Here's the thing nobody selling you panels wants to dwell on: you do not get paid the same rate you pay. New Zealand never had a generous national export scheme, and there's no government mandate forcing retailers to pay a set price. Each retailer sets its own rate, and they compete on it (loosely).

So the economics of solar in Aotearoa are built around self-consumption: using your own generation in your own home, in real time, rather than selling it at a low rate and buying it back dear. Understanding buy-back rates is really about understanding how little you want to rely on them.

Why this matters more in NZ than almost anywhere

Our situation is genuinely different from the overseas examples you'll see quoted online. Three things make it so:

  • No subsidy. There's no national export subsidy or rebate scheme here. EECA supports energy efficiency, but there's no cheque for exporting solar. Your buy-back rate is purely what a retailer chooses to offer.
  • A big buy-sell gap. Because retailers buy your export at wholesale-ish prices but sell you power at full retail (including network charges, levies and GST), the gap is wide. That gap is where your real savings live, and it's all on the self-consumption side.
  • Our climate and roofs. A lot of Kiwi homes are under-insulated and lean hard on heating in winter, exactly when solar produces least. Northland gets serious sun hours; the West Coast genuinely struggles with cloud; Central Otago has crisp, clear, cold winters that panels actually like. Where you live changes the whole picture.

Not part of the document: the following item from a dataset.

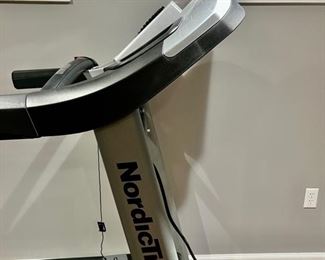 34. Nordictrack Treadmill C950i 3.0CHP
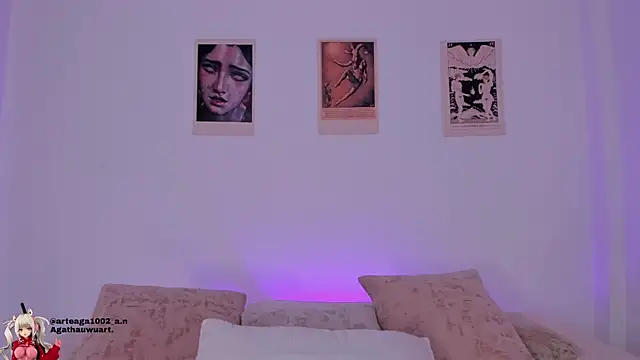 Moonlight1002 online show from 11-30-25, 06:01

Put simply: in New Zealand, the buy-back rate is the consolation prize, not the main event. The main event is shifting your power use into daylight hours so you buy less from the grid in the first place.

Flat rates vs dynamic rates: the big divide

Buy-back plans in NZ split into two broad camps, and the difference matters enormously for how much you'll earn.

Flat buy-back rates

A flat rate pays you the same cents-per-kWh for every unit you export, no matter what time of day or season it is. It's simple, predictable, and easy to model. Most of the big retailers offer something in this shape.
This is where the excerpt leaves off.